Command of Match (COM) and Lost Opportunity Score (LOS)
I’ve been watching the Davis Cup tie between Borna Coric and Frances Tiafoe.
The first set, won by Tiafoe in a tiebreak, is largely marked by Borna Coric showing an incredible lack of touch around the net (he cannot volley at all*) and the near impossibility of keeping his forehand in the court.
*Separate research project: Check The Match Charting Project to see if Coric is the worst volleyer in the Top 50. Starting hypothesis is that he is.
Then when the second set kicks off, Frances Tiafoe can’t win a game, and barely any points. His energy level plummets and his serve is about as bad as you will see from a male professional tennis player. He loses the second set 1-6, and proceeds to carry that over into the third set. In an 11 game stretch, he wins only 1 game, and only 14 of 53 points, resulting in a 0-4 deficit in the third set. Although his aggressiveness waned, I think the most important factor is that Coric stopped making those horrendous unforced errors, at which point Tiafoe’s weaknesses were all brought to the fore (or is it “foe”?).
But at 4-0, Coric started making horrendous errors again. I mean horrendous. At one point, he makes 7 in a row, and voila, Tiafoe’s energy returns. Tiafoe does not play great in the rest of the third set, but Coric is so bad that Tiafoe comes back and wins the second set tiebreak. (In fairness, the tiebreak itself is fairly well-played by both players).

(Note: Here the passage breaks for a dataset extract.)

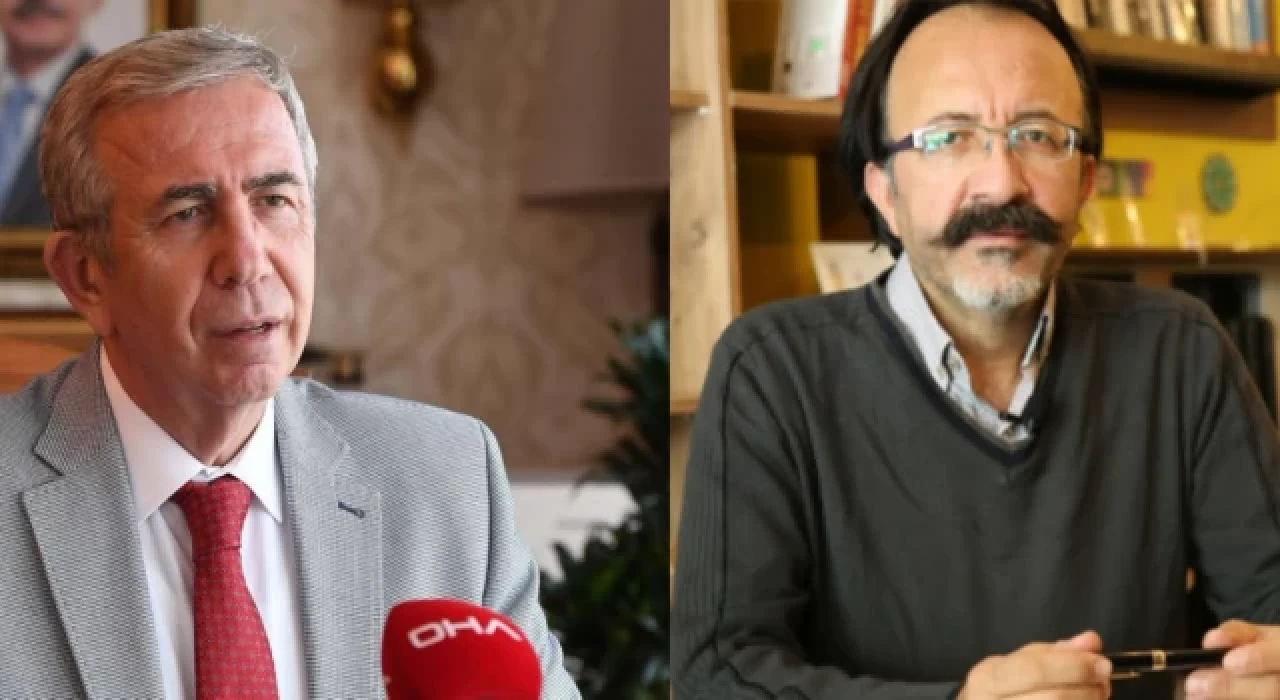 Mansur Yavaş’tan Önder Algedik'e "sansür yasalı" şikayet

As I’m writing this, I have not started the fourth set. I know Coric wins the next two sets because I know Croatia is in the finals, but I actually haven’t looked at the set scores for the final two sets. Based on what I’ve seen, it seems almost certain that if Coric can keep his forehand in the court, he will win, and win easily. For all the Twitter talk of how Tiafoe was a warrior in the match (apparently forgetting that 11 game stretch), he shows no sign he can control the points. His backhand is merely steady, and his wack-a-doo forehand stroke just rolls the ball around the court. In other words, this match is not on his racquet.

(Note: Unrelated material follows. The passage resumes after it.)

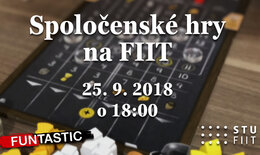 Spoločenské hry na FIIT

I paused in my viewing of the match, partially because I needed a break and partially because I wondered if there’s anything in the statistics that would tell someone who didn’t watch the match that the match is entirely on Coric’s racquet. And looked at another way, if Coric had lost, could you look at his stats and know just how bad the loss is, because the match truly was on his racquet, and only he could blow it?
There are probably several ways to do this, and what I’m presenting here is perhaps the most back-of-the-envelope way to do it, primarily because I’m starting it on a whim at 11 pm while trying to stay interested in this match. So I think this is just a toy stat, although as I have posted before, I think toy stats have their own kind of value.
But “stat” is the wrong word for the two things I’m proposing here. “Status” is probably a better word...toy status(?). Both COM and LOS seek to identify particular matches, rather than producing a statistic for every match.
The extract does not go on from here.